Wednesday, April 14, 2010

C&T...and religion

I have to say that I am excited to have read some non-Christian religious sci-fi at last (although, I suppose if you count Orson Scott Card...). It seems that most of the short stories we've read up until this point have come out of a largely Christian-informed tradition, even though the authors themselves might not have been religious. I thought "On Venus, Have We Got a Rabbi" was playfully satiric. There's a mix of asking serious questions about preserving tradition amid societal and technological changes and also the Jewish tradition of arguing over an issue in order to seek clarity. The latter is treated somewhat humorously in this story b/c of the idea of "brown lumpy pillows" w/ grey tentacles wishing to be Jewish.

Well, this got me thinking about change and tradition w/in my own faith in the future. Orthodoxy is a faith that is very resistant to change...and that's putting it lightly. There is controversy in Bulgaria even now about whether or not a bishop should be in his position until his death or whether he is allowed retirement.

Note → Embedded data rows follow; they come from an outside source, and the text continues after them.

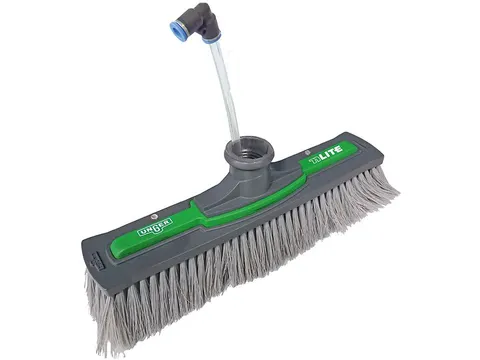 Unger nLITE Power Borstel Basis ongespleten grijs 28 cm met adapter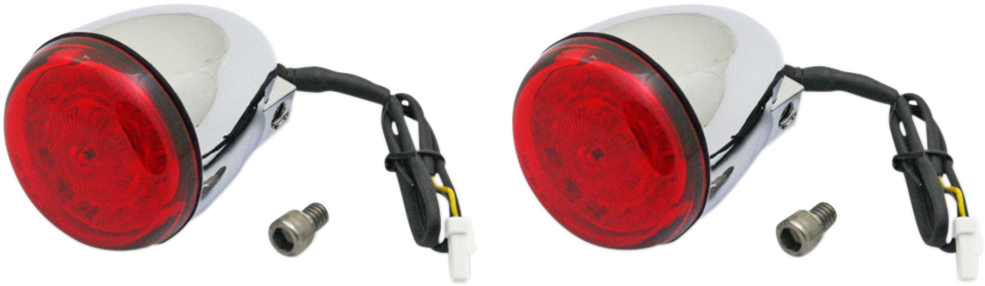 Custom Dynamics ProBEAM® Turn Signals - Chrome/Red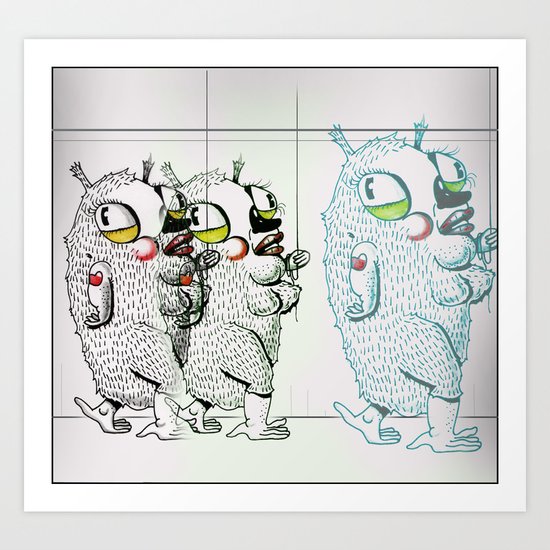 Puffies Art Print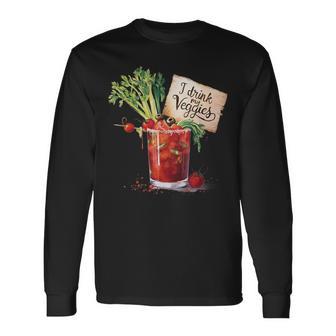 I Drink My Veggies Long Sleeve T-Shirt - Thegiftio UK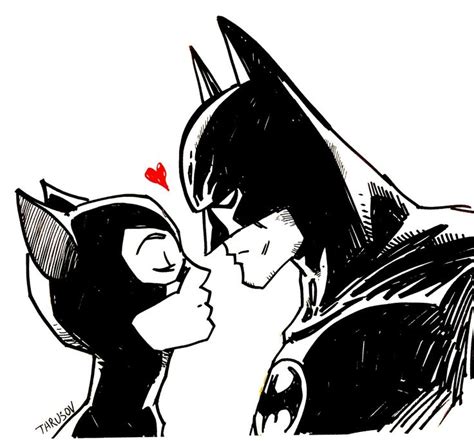 fan art catwoman|cute batman and catwoman drawing.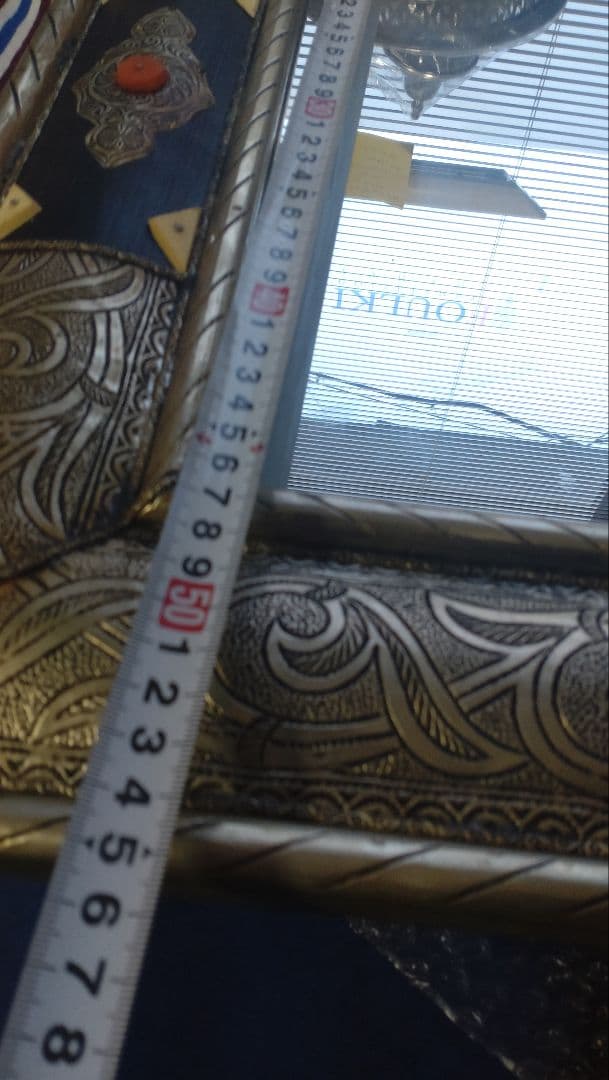 モロッコ製 アンティーク調 インテリア鏡（ハンドメイド）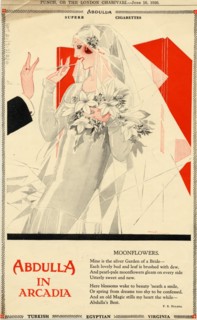 Abdulla Cigarettes, 1926. Artist: Unknown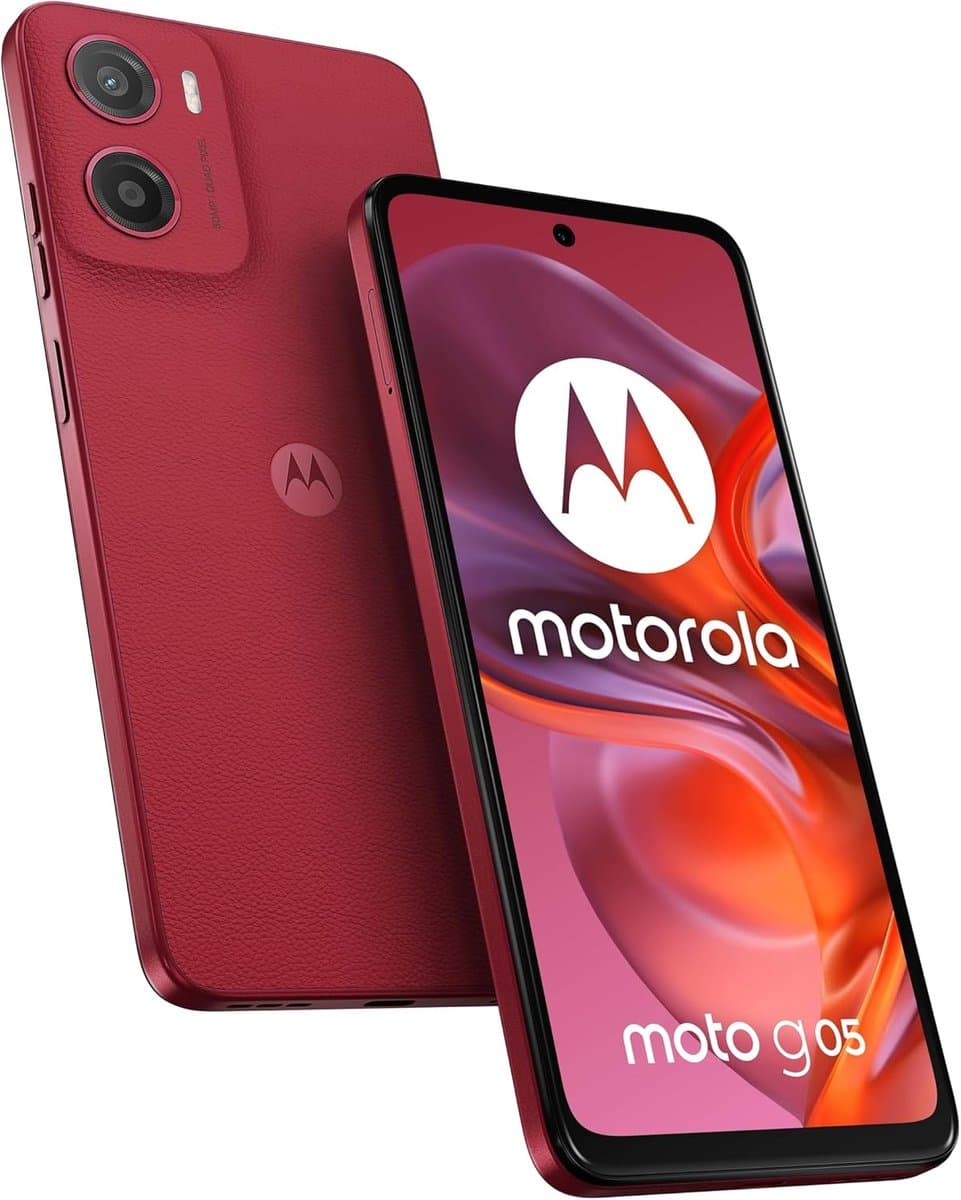 Motorola - Moto G05 - 128GB - Rood — afbeelding 1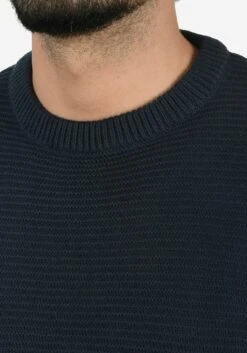 Indicode Jeans Crewneck Truien Trui Ricardo Heren Blauw -Indicode Jeans Verkoop 182e4923df8205be397cce6ec26ca835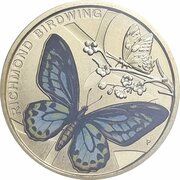 1 Dollar - Elizabeth II 4th Portrait - Australian Butterfly - Richmond Birdwing, Australia, 2016 reverse image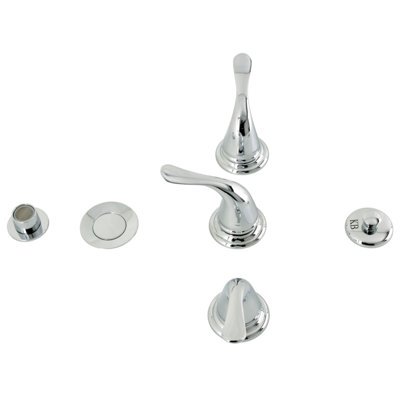 Royale Three-Handle Widespread Vertical Bidet Faucet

There is controversy in some American churches as to whether or not guide dogs should be allowed in church for blind parishioners (there is a church canon that declares dogs "unclean"). But I often wonder if Orthodoxy has changed as little as it has claimed. Is it just a front that it puts up in order to maintain stability? If Orthodoxy were to change at all, I think it would continue to deny that it had changed. There is a joke in Orthodox communities-- A layperson asks, "How many Orthodox bishops does it take to change a lightbulb?" And a church father responds, flabberghasted, "Change?!"

If I foresee any changes w/in the Orthodox church in the near or far future, it would be a breaking down of ethnic boundaries. As of rigt now we have defined Bulgarian, Romanian, Antiochian, Russian, Coptic, Greek, Ukrainian, Ethiopian, Macedonian...etc. Personally, I hope for greater and more profound changes w/in the church, particularly a movement toward the acceptance of "spiritual" individuals over "religious" individuals, b/c the latter seems to emphasize rules and dogma over individuals and their varied needs. I will end w/ a favorite quote of mine--"Religion is for people afraid of going to Hell. Spirituality is for those who have already been there."